6. Isolation Drills (2001)

Sporting producer Rob Schnapf behind the boards and a newfound talent for editing without neutering, Drills made good on Do The Collapse's high-end ambitions: "Glad Girls" may be the most bittersweet rock anthem Pollard ever penned, with "Chasing Heather Crazy" and "How's My Drinking" trailing not too far behind. Plus, the band's major label iteration finally got a chance to rock believably. Isolation Drills made radio-friendly indie rock seem like a foregone conclusion, even if the album's actual impact was limited.

Listen: “Glad Girls”

 

5. Vampire On Titus (1993)

"And now the fun begins," Pollard announces in Vampire On Titus' second track. And while Vampire isn't the first record to feature GBV's "classic" sound (crooned fragments, tape hiss-marred melodies, crunchily out-of-tune guitars, and song titles like "Jar of Cardinals"), it's the first to present the aesthetic as a planned whole. The band would later match that homespun flavor with undeniable songs on Alien Lanes and Bee Thousand, but Vampire was a big step forward — boisterous and drunk on possibility, the band makes every new song sound like a discovery.

Listen: “Expecting Brainchild ”

 

4. Earthquake Glue (2003)

The press pegged Earthquake Glue as a return to form and, in some ways, it was: after GBV's radio-ready period, it brought back some of the lo-fi production (the squawky reverb of "I'll Replace You With Machines," the woozy, horn-led balladry of "My Son, My Secretary, and My Country"). And the album's tracks, largely chopped into bite-sized pop singles on the band's previous three outings, explore messier facets of the band's sound. Glue's real achievement, however, is its seamless joining of GBV's many moods and personalities, somehow resolving the band's earlier ADHD mischief with the polished pop songcraft that marked its later work.

Listen: “I'll Replace You With Machines”

 

3. Propeller (1992)

With the band in mounting debt, Propeller was originally slated to be their last album — a badass Viking funeral perhaps, but a funeral nonetheless. The threat of collapse rejuvenated GBV, though, and a college-radio fan base glommed onto the record's sense of go-for-broke innovation: studio punch replaces the thin bedroom mix of previous outings on prog suites like "Over the Neptune/Mesh Gear Box," and other tracks reveal a Pollard finally unfettered by traditional structure or literal meaning.
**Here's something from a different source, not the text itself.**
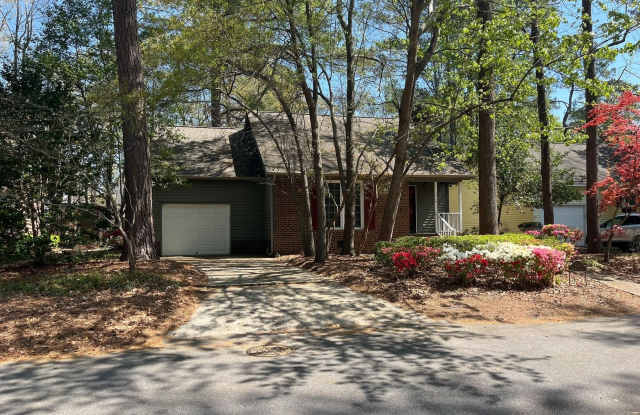 1516 Birch Place photos photos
Propeller rides high on its last-minute adrenaline, making it GBV's first stone classic.

Listen: “Quality of Armor”

 

2. Alien Lanes (1995)

It starts wobbly, but Alien Lanes — twenty-eight songs in about forty-one minutes — quickly develops into Guided By Voices' ur-text, a pile of perfect gems ("Watch Me Jumpstart," "Game of Pricks," "My Valuable Hunting Knife") and fool's gold (the eighteen-second "Cigarette Tricks") all crammed together. The record resists flow so insistently that its randomness becomes a kind of flow in itself. Sweet pop harmonies like "As We Go Up, We Go Down" and "Chicken Blows" lead easily into the Who-style excess of "Auditorium" or the dozing dirge of "The Ugly Vision." The Finnegan's Wake to Bee Thousand's Ulysses, Alien Lanes has something for everybody.
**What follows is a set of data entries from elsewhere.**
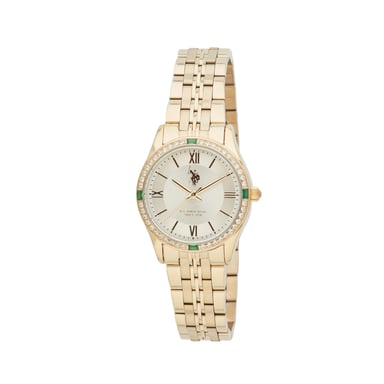 U.S. Polo Assn Watch Giselle Lady Watch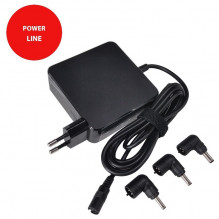 Laptop Power Adapter ASUS...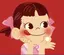 ぺこちゃんのプロフィール画像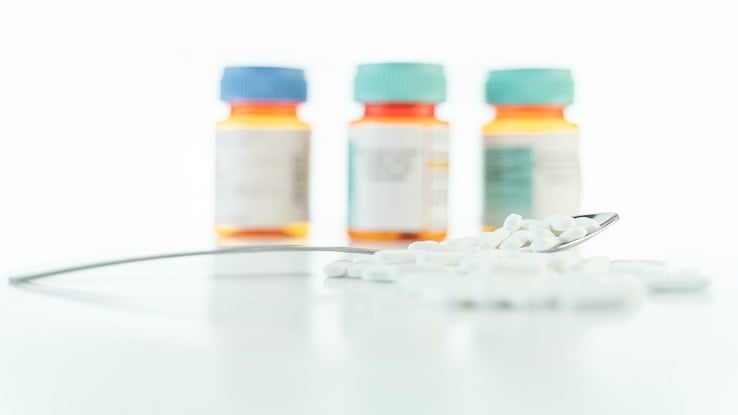 michael-longmire-1Bbm4I6g2zM-unsplash (1)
Listen: “My Valuable Hunting Knife”

 

1. Bee Thousand (1994)

Arguments have been made for other GBV albums, but screw it: Bee Thousand will always be the band's high-water mark, the moment where its lo-fi innovation and ear-infesting melodies crystalized perfectly. Few bands could spin a tune named "Tractor Rape Chain" into a glorious (and cathartic) pop masterpiece, let alone belt Dada-style lyrics like "dee-dee-dee-dee-dee-dee kicker of elves" ("Kicker of Elves") or "I met a non-dairy creamer explicitly laid out like a fruitcake" ("Hot Freaks") with unwavering conviction. But such was Guided By Voices' particular magic circa 1994. Call it the Rosetta Stone of lo-fi indie rock, the band's White Album, or just a shambling miracle, but Bee Thousand threw down a gauntlet that four-track impresarios have measured themselves against ever since.

Listen: “Tractor Rape Chain”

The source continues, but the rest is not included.